Ministers concede difficulties with ECB over deal on promissory notes
Senior Government Ministers have publicly admitted to difficulties in talks with the European Central Bank on resolving the promissory notes issue.
As Tánaiste Eamon Gilmore made a stark warning that failure to strike a deal with the ECB on the promissory note would have a “potentially catastrophic effect on Ireland”, his ministerial colleague Leo Varadkar conceded that the Coalition has to change some of its proposals to avoid punitively high repayments on the promissory note for the former Anglo Irish Bank.
The Government must pay €3.1 billion each March until 2023 to cover losses at the failed bank.
Responding to reports that the ECB had rejected Ireland’s proposal for a longer repayment schedule, Mr Varakdar disputed this was the case.
“There was no rejection. There was no breakdown. There are issues that need to be changed.
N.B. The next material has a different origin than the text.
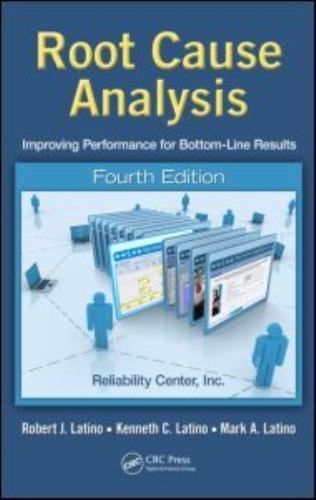 Root Cause Analysis: Improving Performance for Bottom-Line Results, Fourth…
And issues that need to be agreed on,” he said on RTÉ’s The Week in Politics.
Setting out the nature of the talks, he said: “There is agreement in a lot of areas, but there are a number of issues outstanding and some of those issues are very difficult . . . We need to work on them but we are still very hopeful of getting a resolution.”
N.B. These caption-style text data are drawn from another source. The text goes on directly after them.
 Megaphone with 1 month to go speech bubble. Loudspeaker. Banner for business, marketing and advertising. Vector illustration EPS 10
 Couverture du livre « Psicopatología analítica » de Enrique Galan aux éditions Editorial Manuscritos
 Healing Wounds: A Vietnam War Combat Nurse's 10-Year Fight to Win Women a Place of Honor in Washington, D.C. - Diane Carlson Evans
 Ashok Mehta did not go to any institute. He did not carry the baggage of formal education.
The ECB told The Irish Times yesterday that it was “premature” to refer to any outcome and that talks on this issue were ongoing.
Mr Gilmore told a gathering of EU and Latin American leaders meeting in Santiago that Ireland’s expected exit from the bailout programme this year was dependent on sealing an agreement to lower the country’s debt burden.
Speaking before an audience which included German chancellor Angela Merkel, the Tánaiste said that by “shouldering a great burden of debt” Ireland had “shown solidarity with Europe when the risk of contagion was high” and a deal on lowering the burden now required “a greater reliance on that solidarity that underpins the union”.
The basis of the reports this weekend is that the solution preferred by Ireland – converting the promissory note into long-term bonds – amounted to “monetary financing” by the ECB, which is outlawed by article 123 of the EU treaty.